Description
PyNVML bindings are great to do all GPU information management from Python, but they are almost entirely an identical a copy of the C API. This can be a barrier for Python users who need to find out from the NVML API documentation what the API provides, and then what are the appropriate types that need to be passed, etc. We currently utilize PyNVML in both Distributed and Dask-CUDA, but there's also some overlap that leads to code duplication.
I feel one way to reduce code duplication and make it easier for new users, and thus make things overall better, is to provide a "High-level PyNVML library" that takes care of the basic needs for users. For example, I would imagine something like the following (but not limited to) to be available (implementation omitted for simplicity):
class Handle:
"""A handle to a GPU device.
Parameters
----------
index: int, optional
Integer representing the CUDA device index to get a handle to.

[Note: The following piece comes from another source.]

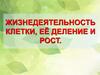 Жизнедеятельность клетки, её деление и рост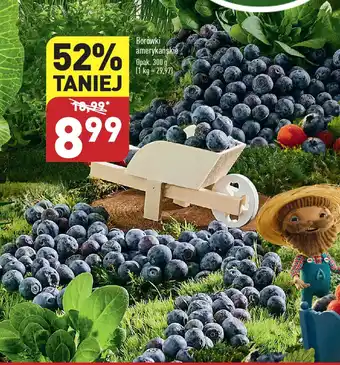 ALDI Borówki amerykańskie 300 g oferta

uuid: bytes or str, optional
UUID of a CUDA device to get a handle to.
Raises
------
ValueError
If neither `index` nor `uuid` are specified or if both are specified.
"""
def __init__(
self, index: Optional[int] = None, uuid: Optional[Union[bytes, str]] = None
)
@property
def free_memory(self) -> int:
"""
Free memory of the CUDA device.
"""
@property
def total_memory(self) -> int:
"""
Total memory of the CUDA device.
"""
@property
def used_memory(self) -> int:
"""
Used memory of the CUDA device.
"""
There would be more than the above to be covered, such as getting the number of available GPUs in the system, whether a GPU has a context currently created, if a handle is MIG or physical GPU, etc. Additionally, we would have simple tools that are generally useful, for example a small tool I wrote long ago to measure NVLink bandwidth and peak memory, and whatever else fits in the scope of a "High-level PyNVML library" that can make our users' lives easier.
So to begin this discussion I would like to know how people like @rjzamora and @kenhester feel about this idea. Would this be something that would fit in the scope of this project? Are there any impediments to adding such a library within the scope of this project/repository?
Also cc @quasiben for vis.